* **Data shown**
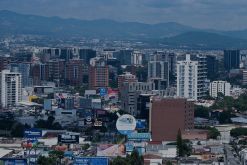 La reforma a las leyes migratorias permite a los profesionales mantener vínculos laborales fuera del país y residir legalmente en Guatemala./ Foto Víctor Leal - Pixabay.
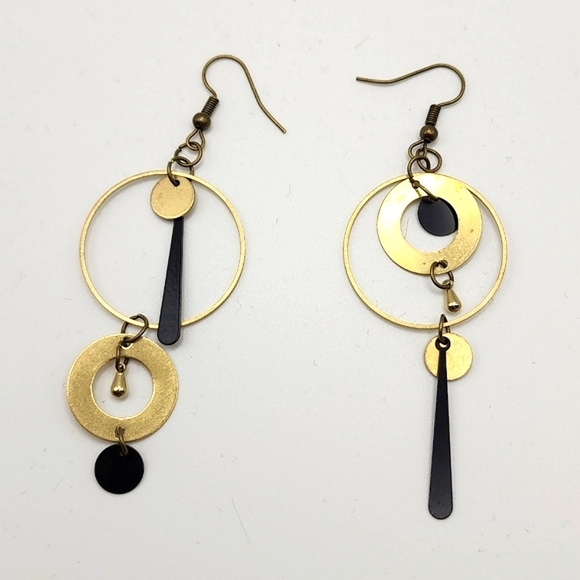 🔥Elegant Gold and Black Dangling/Hoop Earrings🔥 - Picture 2 of 3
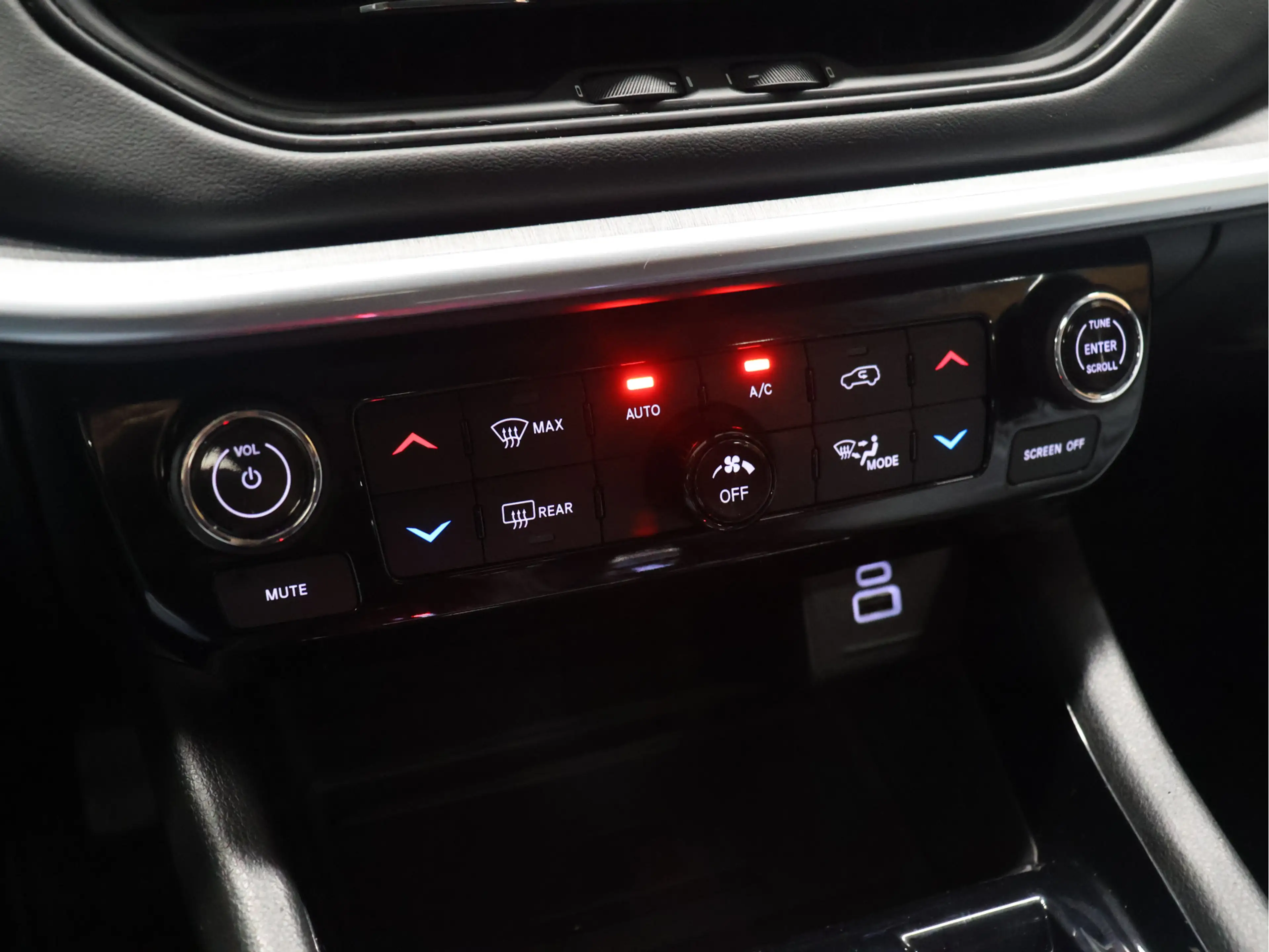 Jeep Compass 4xe 240 Plug-in Hybrid Electric S 4WD [APPLE CARPL — photo 16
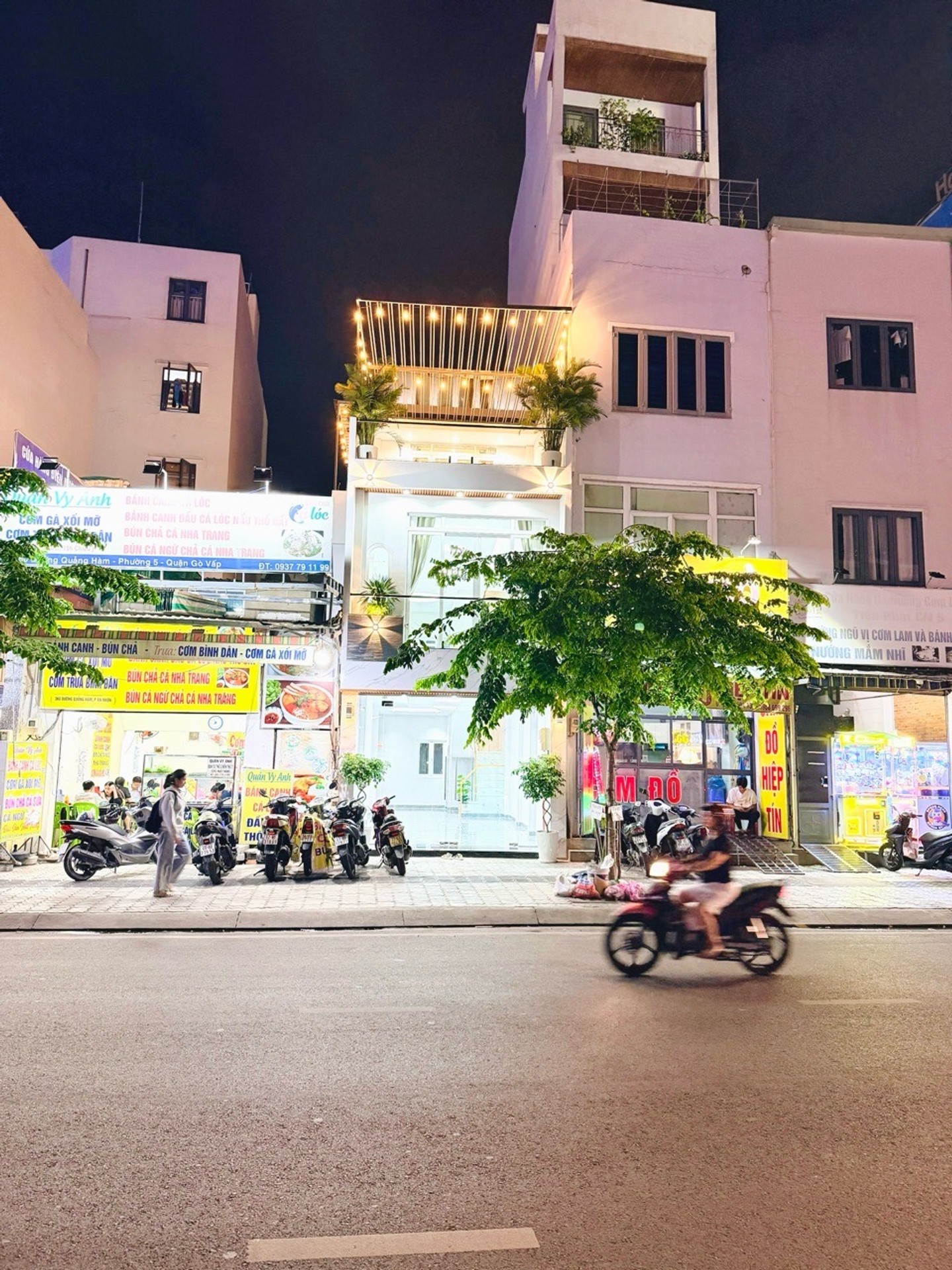 MẶT TIỀN DƯƠNG QUẢNG HÀM – KINH DOANH SẦM UẤT 🔥
💥 56M² – NGANG 4M – CÓ HẦM – 1 TRỆT 2 LẦU + SÂN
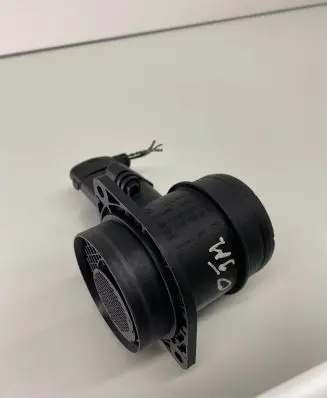 Skoda Octavia Mk2 (1Z) Mass air flow meter 0281002531 038906461B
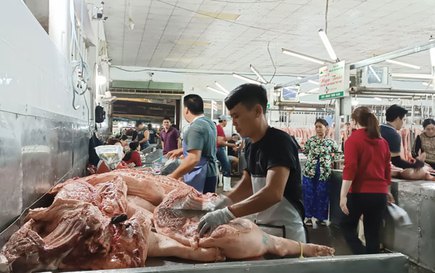 Thị trường heo Tết ảm đạm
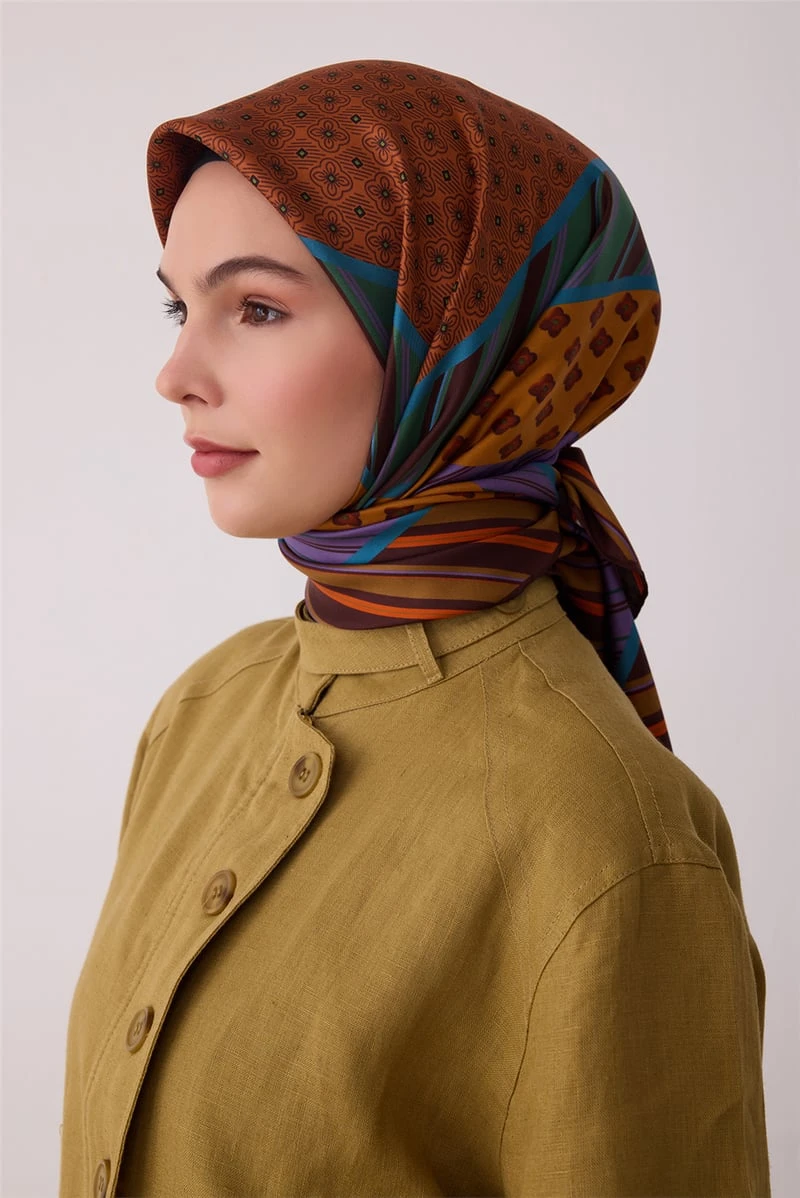 51 Belli Twill İpek Eşarp 4423D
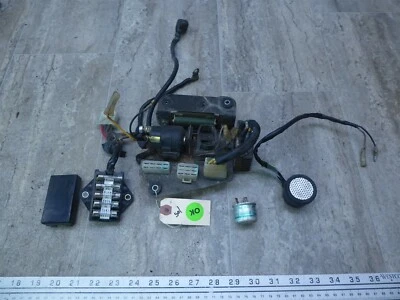 Honda CB550K 1975 cuatro H692-2) regulador rectificador solenoide fusible pitido relé Foto 1 de 4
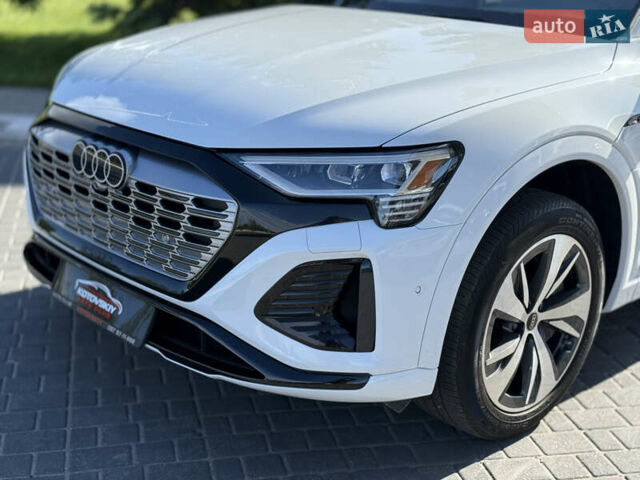 Белый Ауди Q8 e-tron, объемом двигателя 0 л и пробегом 10 тыс. км за 52000 $, фото 1 на Automoto.ua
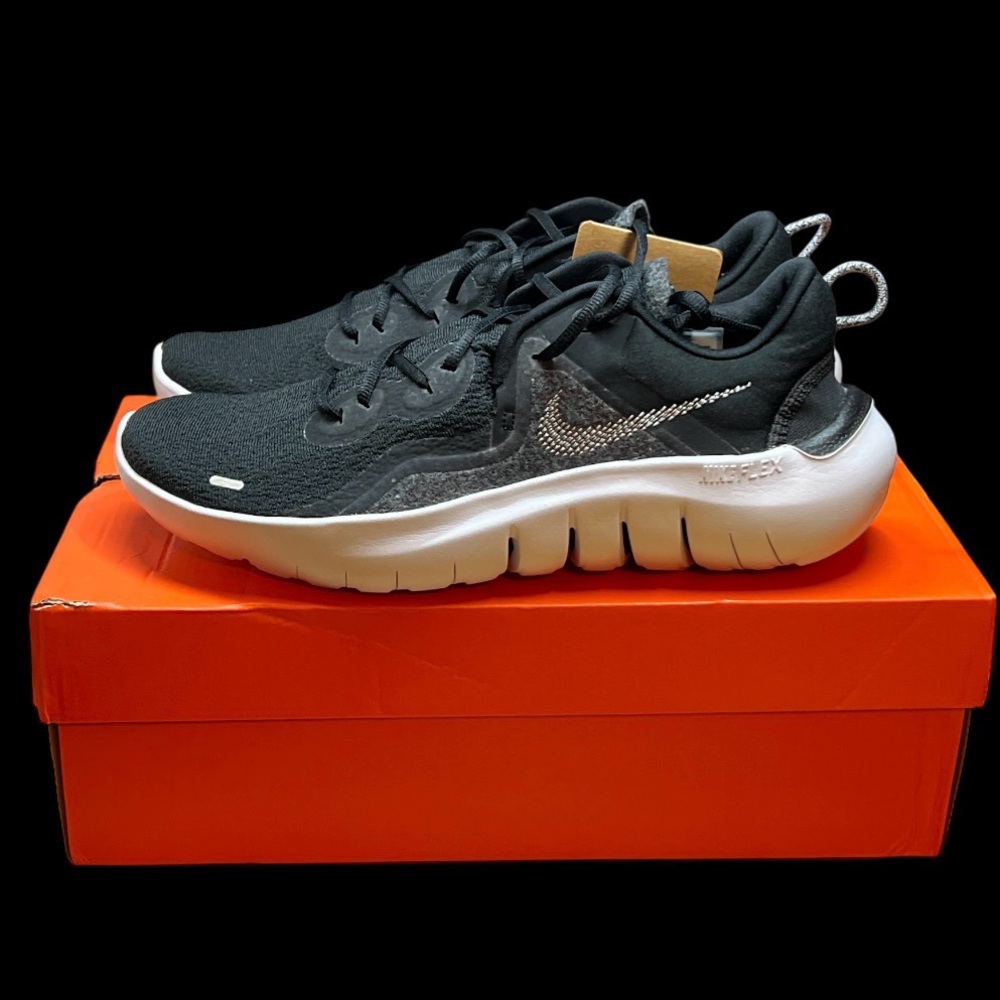 Size 8 - Nike Flex Run 2021 Black White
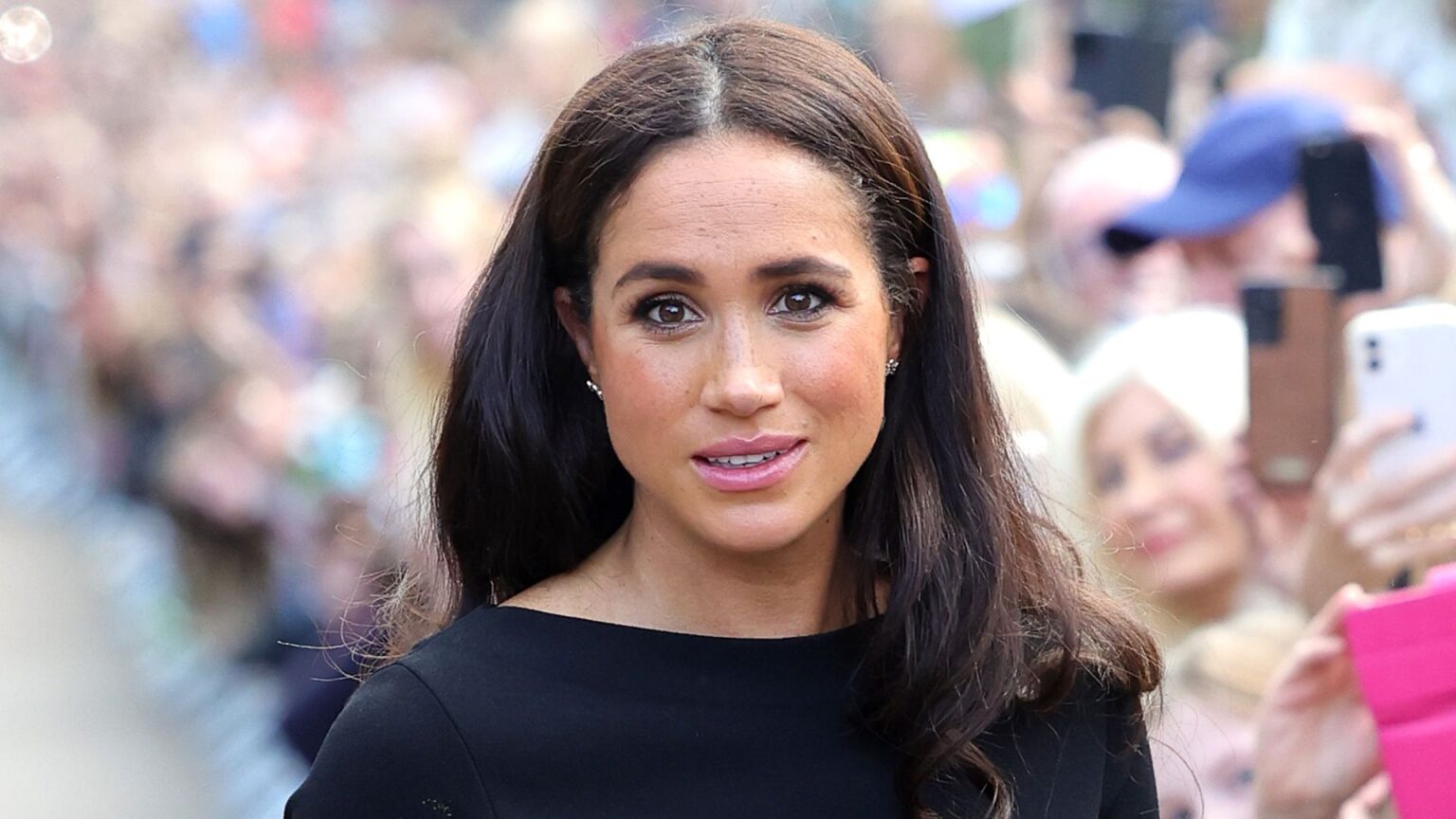 Meghan Markle Contacts Estranged Dad After Amputation News meghan markle in u.k.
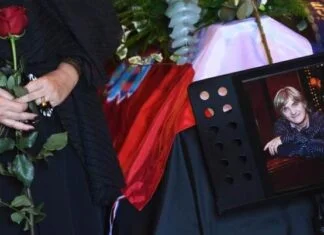 Prijatelji i kolege emotivno se oprostili od Rajka Dujmića Rajko Dujmić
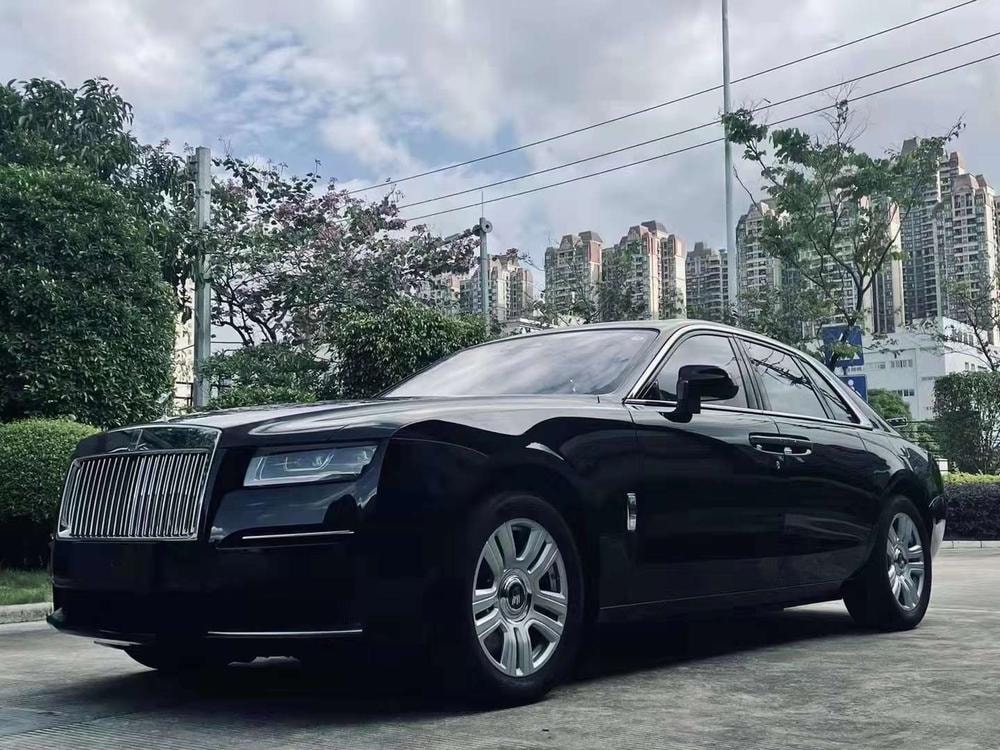 Rolls-Royce Ghost 2021 — фото автомобиля 1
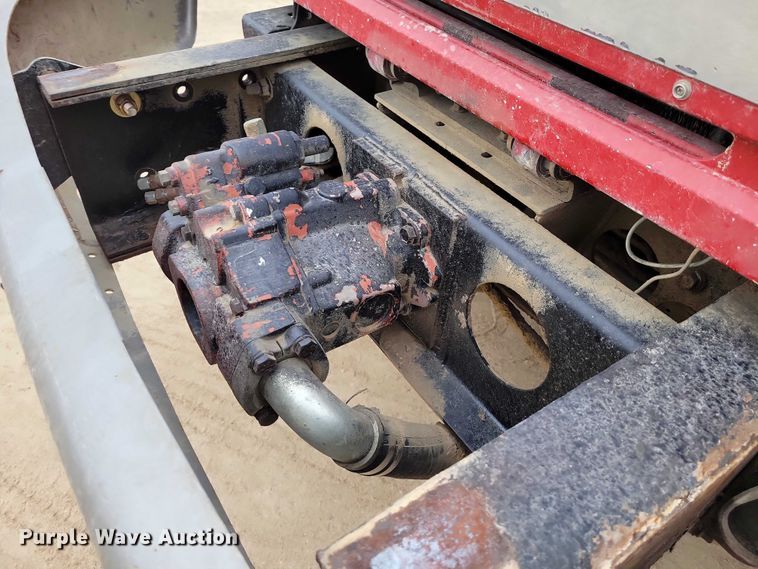 image for item EA2729 2004 International 7600 dump truck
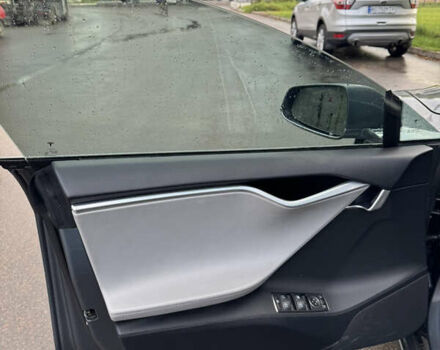 Серый Тесла Модель С, объемом двигателя 0 л и пробегом 242 тыс. км за 10999 $, фото 18 на Automoto.ua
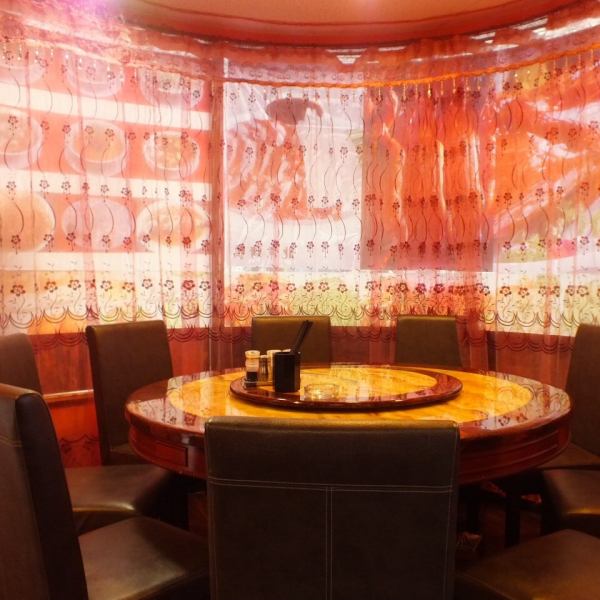 The decoration inside the store is laid out in consideration of the atmosphere of a genuine Chinese liquor store.Our restaurant itself is not a high threshold restaurant, but please enjoy your meal in the atmosphere of a full-fledged Chinese court.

* **Problem to work on**
Nothing except the lines from the one containing "Jeep Compass 4xe" through the one containing "Size 8 - Nike Flex Run 2021 Black White" should appear in the answer, exactly as above and without pictures.

* **Answer section**
 Jeep Compass 4xe 240 Plug-in Hybrid Electric S 4WD [APPLE CARPL — photo 16
 MẶT TIỀN DƯƠNG QUẢNG HÀM – KINH DOANH SẦM UẤT 🔥
💥 56M² – NGANG 4M – CÓ HẦM – 1 TRỆT 2 LẦU + SÂN
 Skoda Octavia Mk2 (1Z) Mass air flow meter 0281002531 038906461B
 Thị trường heo Tết ảm đạm
 51 Belli Twill İpek Eşarp 4423D
 Honda CB550K 1975 cuatro H692-2) regulador rectificador solenoide fusible pitido relé Foto 1 de 4
 Белый Ауди Q8 e-tron, объемом двигателя 0 л и пробегом 10 тыс. км за 52000 $, фото 1 на Automoto.ua
 Size 8 - Nike Flex Run 2021 Black White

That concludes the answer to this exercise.